Speaker Ryan releases awkward music video ad to promote border wall funding

The fiscal conservative supports a border wall that costs billions.

House Speaker Paul Ryan (R-WI) rides a horse. CREDIT: Screen grab
House Speaker Paul Ryan (R-WI) rides a horse. CREDIT: Screen grab

On Tuesday, House Speaker Paul Ryan (R-WI) released a 30-second ad to promote a bill that would fully fund the Trump administration’s request to build a wall. It was no ordinary ad.

In several shots set to highly synthesized, electronic dance music, Ryan can be seen touring the border with a thumbs up sign on a helicopter, traveling on a boat, and riding a horse alongside members of the U.S. Customs and Border Protection (CBP) agency.
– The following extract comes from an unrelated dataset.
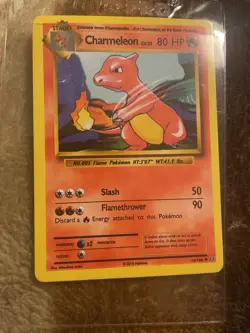 1999 POKEMON GAME | 1ST EDITION - Image 1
“I had the opportunity to travel down to Texas to go to the Rio Grande Valley and spend time with our Border Patrol,” Ryan said in the video, against the bizarre backdrop of upbeat techno music. “When you see what they’re up against, it really gives you even greater respect for what they do. They clearly need more tools and more support to do their jobs effectively. That’s why we’re going to get this done this week.”
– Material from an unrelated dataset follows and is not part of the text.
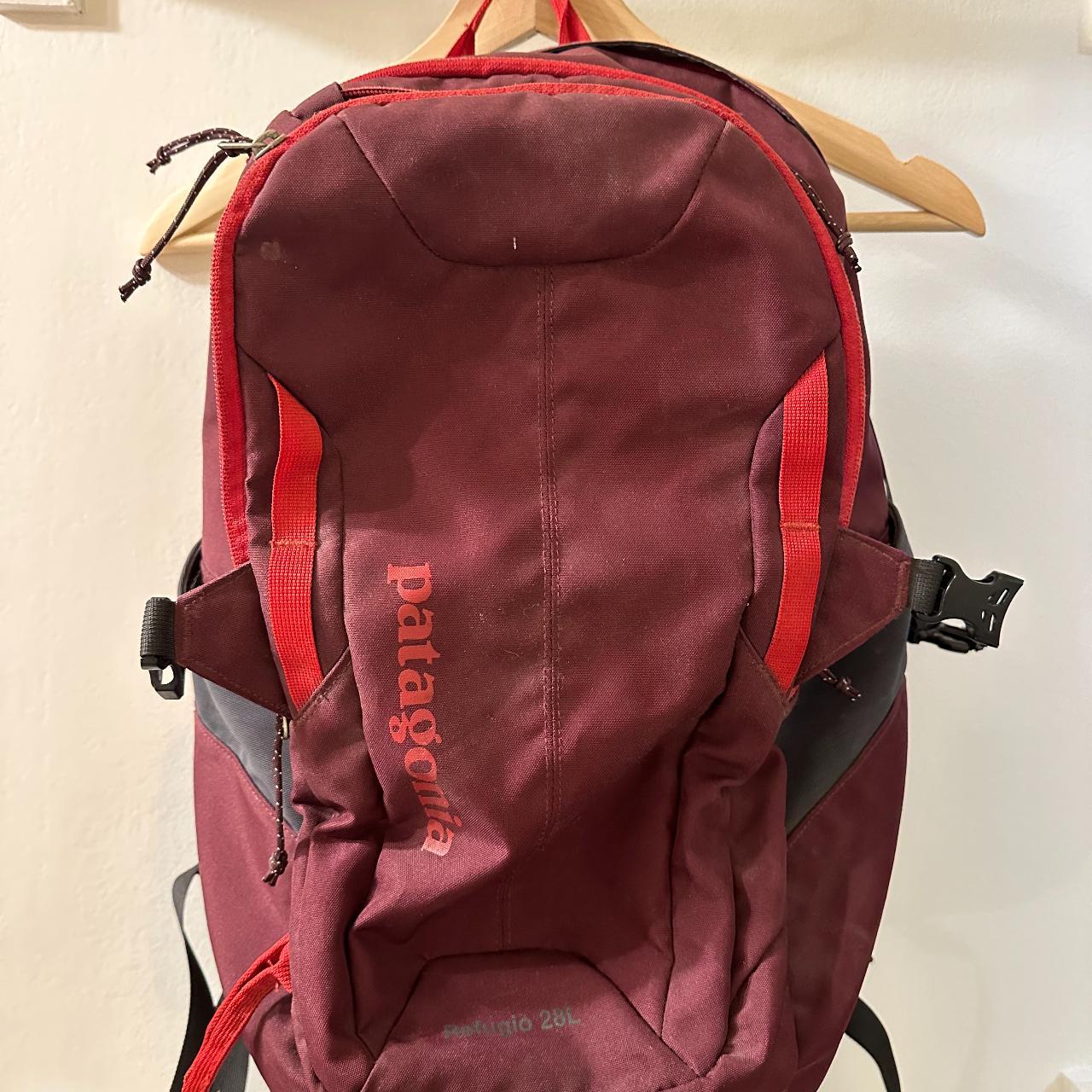 Patagonia Backpack! Perfect for school, short trips,... Depop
The video was shot earlier this year when Ryan visited McAllen, Texas and other parts of the Rio Grande Valley to observe border security operations.


“It’s time for The Wall. That’s why the House voted to fully fund the Trump administration’s request to build it,” read a press release that came with the video.
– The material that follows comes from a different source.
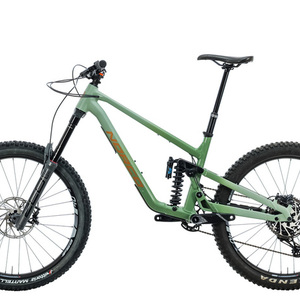 2021 Norco Bikes Shore Green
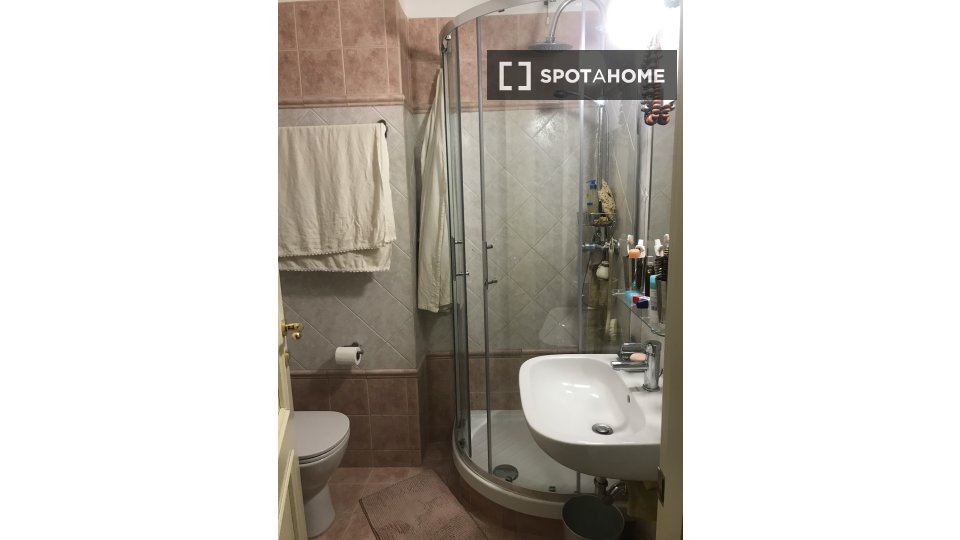 Apartment Rome, 1 bed — photo 8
The construction of a border wall has been one of the most controversial campaign promises that President Donald Trump made, with members of his own party disagreeing that a physical barrier is needed across the entirety of the southern U.S. border shared with Mexico. Roughly two weeks ago, then-Department of Homeland Security (DHS) Secretary John Kelly (now the White House Chief of Staff) told a private audience in Aspen, Colorado that he convinced Trump to forgo a physical wall along the entire border. “Instead, the use of sophisticated monitoring technology, air surveillance, and fencing could secure the border with what Trump could start calling a ‘barrier,’” the New Yorker reported.

Last week, the House of Representatives approved a spending bill with nearly $1.6 billion set aside for the construction of the border wall as part of a $790 billion package to fund security-related expenses. Congress has until the end of September to pass a final spending bill to avoid a government shutdown.

Some experts place the construction of “The Wall” around $21.6 billion, an estimate that appears out of line with a fiscal conservative like Ryan. Today, border apprehensions are at historic lows and about 700 miles of a physical barrier were already constructed under the Obama administration. Environmental experts believe that a wall could prove to be an ecological disaster: animals will be unable to migrate across the two countries and livestock on privately-owned rancher land could potentially be unable to get to their water source.

On Tuesday, the Department of Homeland Security (DHS) announced it would provide a waiver to bypass environmental and other land protection regulations to expedite the construction of Trump’s wall near San Diego, California.


Still, contrary to what Ryan and other Republicans would like to believe, the border wall remains deeply unpopular among people who live in border states. A majority of Americans — particularly those who live in border states — oppose funding Trump’s wall, according to a March 2017 poll.